I think there exists some kind of relationship between a country's education level and people's income. Therefore, I used an external resource of people's average income by country and put this as a variable into the table.
# Make a scatter plot to visualize the data through the chart
import matplotlib.pyplot as plt
import numpy as np
x = df_income['Number of University on the list']
y = df_income['Country Average Income Annually ($)']
plt.xlabel("Number of University on the list")
plt.ylabel("Country Average Annual Income")
plt.title("Country Top University Number vs Country Income Level")
plt.plot(x, y, 'o')
m, b = np.polyfit(x, y, 1)
plt.plot(x, m*x + b)
plt.grid()
plt.show()
According to the linear regression plot we have, we can observe that there are three outliers corresponding to India, China, and Brazil. I realized that China has the second top university quantity in the world, while it does not match the country's average income level. Also, one thing noticeable is that among the three outliers: India, China, and brazil, those three are all developing countries, which implicitly explains the reason why their performance is far away from the line of best fit.
# Compare the data with previous year's data
url = "https://cwur.org/2019-20.php"
tables1 = pd.read_html(url)
df_previous = tables1[0]
df.rename(columns={'Score':'Score 2020-2021'}, inplace=True)
df_previous.rename(columns={'Score':'Score 2019-2020'}, inplace=True)
df_previous
# Eliminate the unnecessary factor
df_previous.pop("World Rank")
df_previous.pop("Location")
df_previous.pop("National Rank")
df_previous.pop("Quality\xa0of Education")

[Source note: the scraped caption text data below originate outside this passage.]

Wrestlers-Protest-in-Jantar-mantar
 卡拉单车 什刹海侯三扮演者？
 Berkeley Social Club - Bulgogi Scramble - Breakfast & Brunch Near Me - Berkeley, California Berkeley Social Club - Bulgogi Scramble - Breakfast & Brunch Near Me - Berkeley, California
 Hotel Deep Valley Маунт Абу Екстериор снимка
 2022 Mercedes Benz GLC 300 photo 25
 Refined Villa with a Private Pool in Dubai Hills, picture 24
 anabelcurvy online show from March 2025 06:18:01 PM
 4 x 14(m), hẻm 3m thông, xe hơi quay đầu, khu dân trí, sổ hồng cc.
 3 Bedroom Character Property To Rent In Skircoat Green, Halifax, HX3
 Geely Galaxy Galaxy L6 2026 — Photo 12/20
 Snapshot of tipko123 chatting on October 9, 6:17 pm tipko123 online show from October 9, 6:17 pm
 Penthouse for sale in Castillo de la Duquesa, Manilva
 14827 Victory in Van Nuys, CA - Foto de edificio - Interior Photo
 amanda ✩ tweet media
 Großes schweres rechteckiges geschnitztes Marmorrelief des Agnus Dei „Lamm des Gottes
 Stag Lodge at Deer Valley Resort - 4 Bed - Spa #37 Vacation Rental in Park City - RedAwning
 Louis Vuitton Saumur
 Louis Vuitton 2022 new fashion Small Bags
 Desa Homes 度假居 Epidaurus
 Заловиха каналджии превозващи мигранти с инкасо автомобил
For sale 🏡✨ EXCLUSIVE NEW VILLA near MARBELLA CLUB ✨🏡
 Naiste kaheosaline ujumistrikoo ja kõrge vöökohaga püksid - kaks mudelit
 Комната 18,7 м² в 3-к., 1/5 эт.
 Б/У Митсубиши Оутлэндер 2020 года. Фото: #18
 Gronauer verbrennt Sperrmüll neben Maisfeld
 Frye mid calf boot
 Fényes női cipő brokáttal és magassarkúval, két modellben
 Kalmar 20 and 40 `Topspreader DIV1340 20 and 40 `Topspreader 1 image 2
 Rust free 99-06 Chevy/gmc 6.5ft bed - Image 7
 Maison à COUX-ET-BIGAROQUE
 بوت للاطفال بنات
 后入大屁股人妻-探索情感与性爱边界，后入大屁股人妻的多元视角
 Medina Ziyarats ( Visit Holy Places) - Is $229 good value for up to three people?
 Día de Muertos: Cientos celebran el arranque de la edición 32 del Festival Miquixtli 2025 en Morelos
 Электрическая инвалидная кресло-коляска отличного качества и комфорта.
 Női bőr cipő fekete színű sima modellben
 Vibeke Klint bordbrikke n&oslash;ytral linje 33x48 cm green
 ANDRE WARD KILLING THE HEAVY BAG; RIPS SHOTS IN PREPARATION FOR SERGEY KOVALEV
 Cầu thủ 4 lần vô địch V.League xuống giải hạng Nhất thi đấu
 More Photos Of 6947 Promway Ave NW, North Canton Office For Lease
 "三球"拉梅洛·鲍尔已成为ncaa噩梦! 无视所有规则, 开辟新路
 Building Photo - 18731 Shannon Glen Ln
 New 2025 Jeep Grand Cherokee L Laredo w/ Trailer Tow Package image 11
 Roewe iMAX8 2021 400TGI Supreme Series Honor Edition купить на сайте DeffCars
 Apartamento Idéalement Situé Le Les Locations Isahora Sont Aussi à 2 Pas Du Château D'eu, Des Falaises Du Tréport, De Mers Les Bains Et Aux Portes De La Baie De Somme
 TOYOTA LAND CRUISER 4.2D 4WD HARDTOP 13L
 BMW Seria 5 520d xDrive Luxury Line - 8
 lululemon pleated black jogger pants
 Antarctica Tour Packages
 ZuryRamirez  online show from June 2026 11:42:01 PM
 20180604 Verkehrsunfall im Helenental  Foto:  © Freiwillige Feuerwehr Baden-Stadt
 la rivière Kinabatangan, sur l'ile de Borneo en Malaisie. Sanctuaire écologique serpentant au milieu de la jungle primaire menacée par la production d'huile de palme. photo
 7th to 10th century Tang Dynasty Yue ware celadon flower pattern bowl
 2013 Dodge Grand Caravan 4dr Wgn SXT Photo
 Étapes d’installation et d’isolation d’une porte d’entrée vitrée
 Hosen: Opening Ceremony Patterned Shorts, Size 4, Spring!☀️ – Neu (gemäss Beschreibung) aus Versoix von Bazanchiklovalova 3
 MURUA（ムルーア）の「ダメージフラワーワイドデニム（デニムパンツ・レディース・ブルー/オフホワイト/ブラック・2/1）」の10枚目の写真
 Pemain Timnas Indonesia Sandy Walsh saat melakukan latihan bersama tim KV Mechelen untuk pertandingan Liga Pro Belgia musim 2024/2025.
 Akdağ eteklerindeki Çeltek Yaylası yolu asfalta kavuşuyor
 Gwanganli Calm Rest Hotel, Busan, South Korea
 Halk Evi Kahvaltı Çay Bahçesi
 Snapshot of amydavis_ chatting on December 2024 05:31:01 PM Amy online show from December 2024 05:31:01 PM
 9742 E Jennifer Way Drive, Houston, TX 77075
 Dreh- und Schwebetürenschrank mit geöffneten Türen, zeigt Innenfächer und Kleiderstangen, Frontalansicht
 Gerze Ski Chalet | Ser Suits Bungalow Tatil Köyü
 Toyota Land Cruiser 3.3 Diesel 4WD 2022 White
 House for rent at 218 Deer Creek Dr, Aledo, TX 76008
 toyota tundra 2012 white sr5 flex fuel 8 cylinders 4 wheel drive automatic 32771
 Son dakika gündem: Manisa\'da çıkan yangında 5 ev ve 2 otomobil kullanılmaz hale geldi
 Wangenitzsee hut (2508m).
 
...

df_previous.pop("Alumni Employment")
df_previous.pop("Quality\xa0of Faculty")
df_previous.pop("Research Performance")
# Use inner-join to combine two tables for better visualization
df_new = pd.merge(df, df_previous, on ='Institution', how ='inner')
df_new
# Compute each university's rating change
df_new["Floating Ratio"] = (df_new["Score 2020-2021"] - df_new["Score 2019-2020"])/df_new["Score 2020-2021"] * 100
df_new
# Use boxplot to visualize the data
boxplot = df_new.boxplot(column=['Floating Ratio'])
The boxplot shows the floating score if we compare it with the data from 2019-2020. There exist a few outliers, but not many. It reflects the university has big changes in terms of the ranking score. If we put a certain condition on the table such as below, we can easily find out the list.
# Add condition to filter the universities have the large ranking change
df_new.loc[df_new["Floating Ratio"] > 5]
# Add a map to help with better data visualization
! pip install pycountry-convert
from pycountry_convert import country_alpha2_to_continent_code, country_name_to_country_alpha2
def get_continent(col):
cn_a2_code = country_name_to_country_alpha2(col)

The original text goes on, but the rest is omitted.